At the beginning of the assembly line the workpieces ready for processing are usually stacked together. The workpieces may be separated and fed into the assembly line manually, but preferably this is carried out automatically using, for example, a ply separator-feeder machine, thereby giving a more fully automated system. Similarly, after being processed through the assembly line the assembled workpieces are usually stacked ready for packing or further processing, and this may also be carried out manually or using an automatic stacking machine.

The present invention is applicable to the making-up of flexible sheet material such as sheets of synthetic plastics material or sheets of non-woven material as well as knitted or woven fabrics. In applying the invention to workpieces of suitable thermoplastic materials, a joining operation such as welding may be carried out at one or more workstations.

BRIEF DESCRIPTION OF THE DRAWINGS

Specific embodiments of the invention will now be described, by way of example only, with reference to the accompanying drawings in which:

FIG. 1 is a diagrammatic plan of a garment assembly line; and

FIG. 2 shows the stages in processing garment pieces into an assembled garment using the assembly line of FIG. 1.

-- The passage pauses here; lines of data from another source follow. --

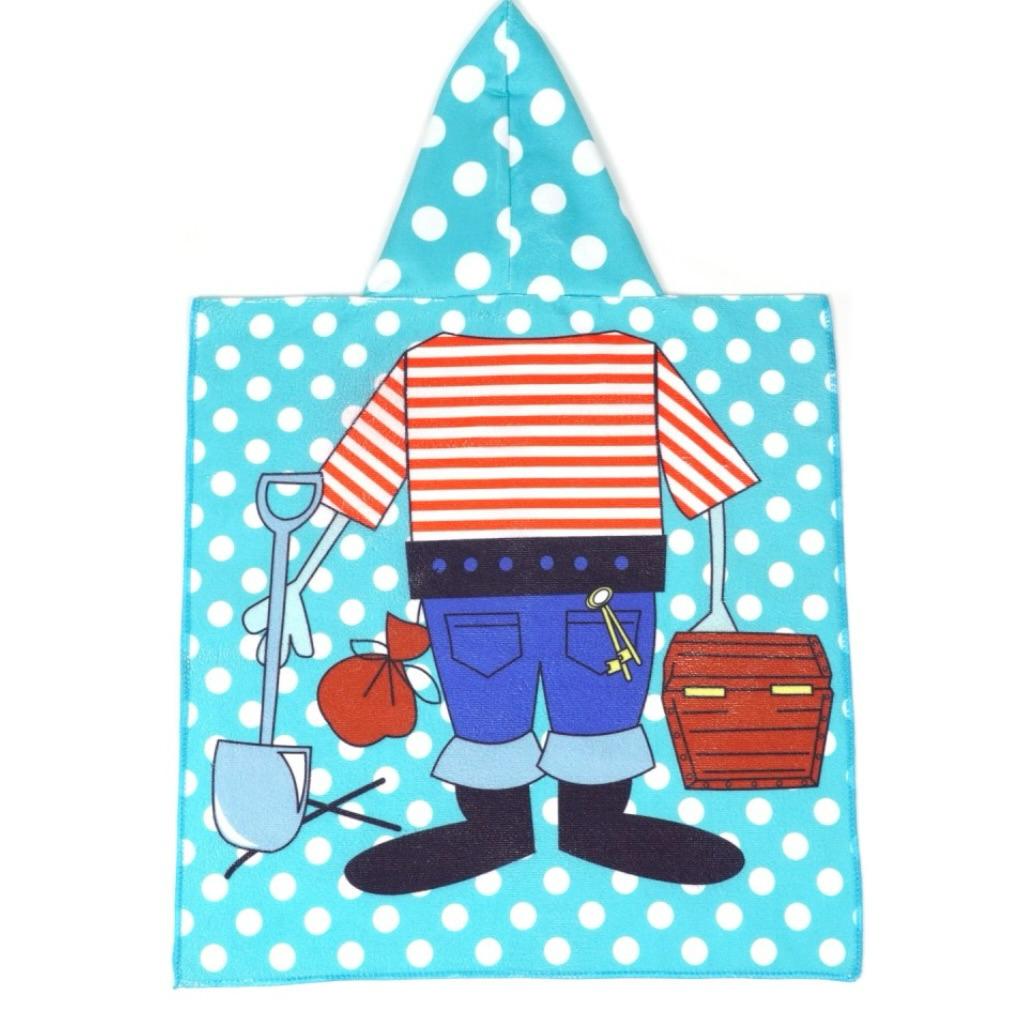 Пончо-рушник дитячий з малюнком з капюшоном мікрофібра 60x60 см Блакитний (пончо-8) - фото 2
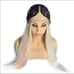 Blonde & pastel Long Straight Synthetic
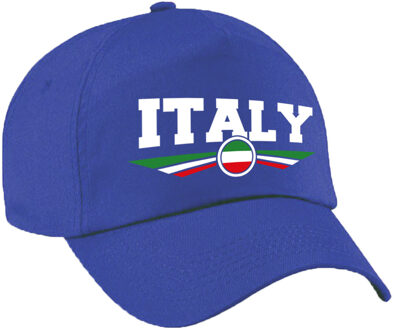 Bellatio Decorations Italie thema - Italy landen pet - baseball cap - blauw - volwassenen - supporters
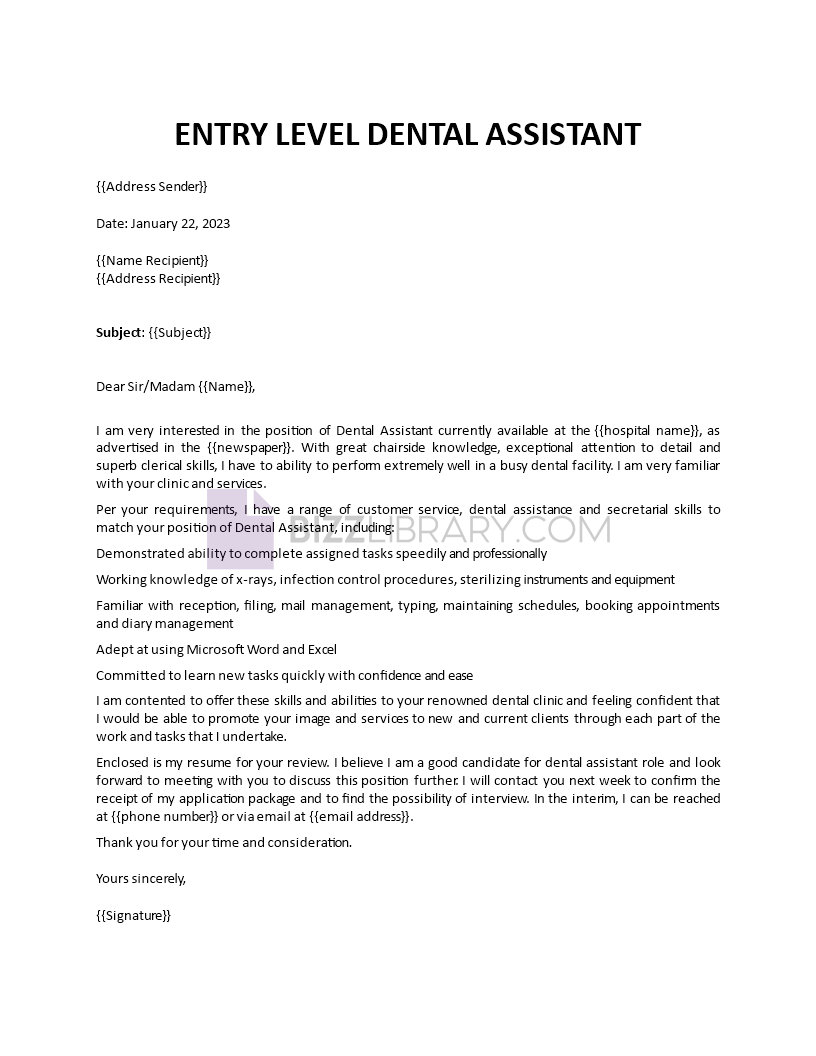 dental assistant cover letter template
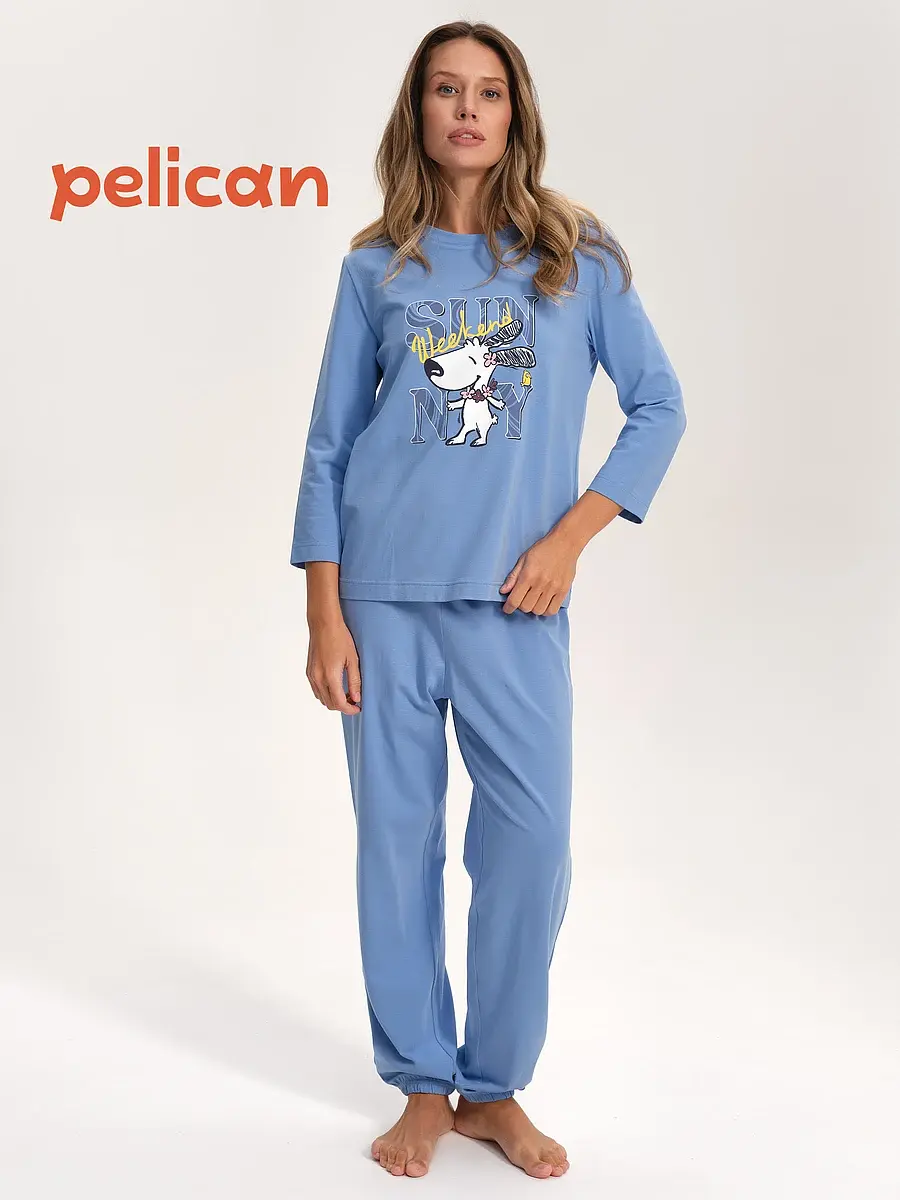 Пижама Pelican хлопковая синяя с принтом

BEST MODE OF CARRYING OUT THE INVENTION

Referring to the drawings, the assembly line comprises two linear series 1, 2 of interchangeable modular workstations with a bypass/interchange area 3 between and contiguous with the two series.

In the first series of workstations 1, the first module 11, third module 13 and fifth module 15 are each automatic sewing machines 21, 23, 25 mounted on flat, low-friction stainless steel support surfaces 31, 33, 35. The second module 12 comprises a ply-separator feeder machine 22 mounted on a flat, low friction stainless steel support surface 32. The fourth module 14 is a manipulator machine 24 mounted on flat, low-friction support surface 34. The sixth module is a supported table top with a low-friction stainless steel surface 36.

In a second series of workstations 2, the first module 111 is a table top with a low-friction stainless steel surface 131. The second module 112 and fourth module 114 are each manipulator machines 122, 124 mounted on flat, low-friction stainless steel support surfaces 132, 134. The third module 113 and fifth module 115 are each sewing machines 123, 125 mounted on flat, low-friction stainless steel support surfaces 133, 135. The sixth module 116 is a stacking machine 126 mounted on a flat low-friction stainless steel support surface 136.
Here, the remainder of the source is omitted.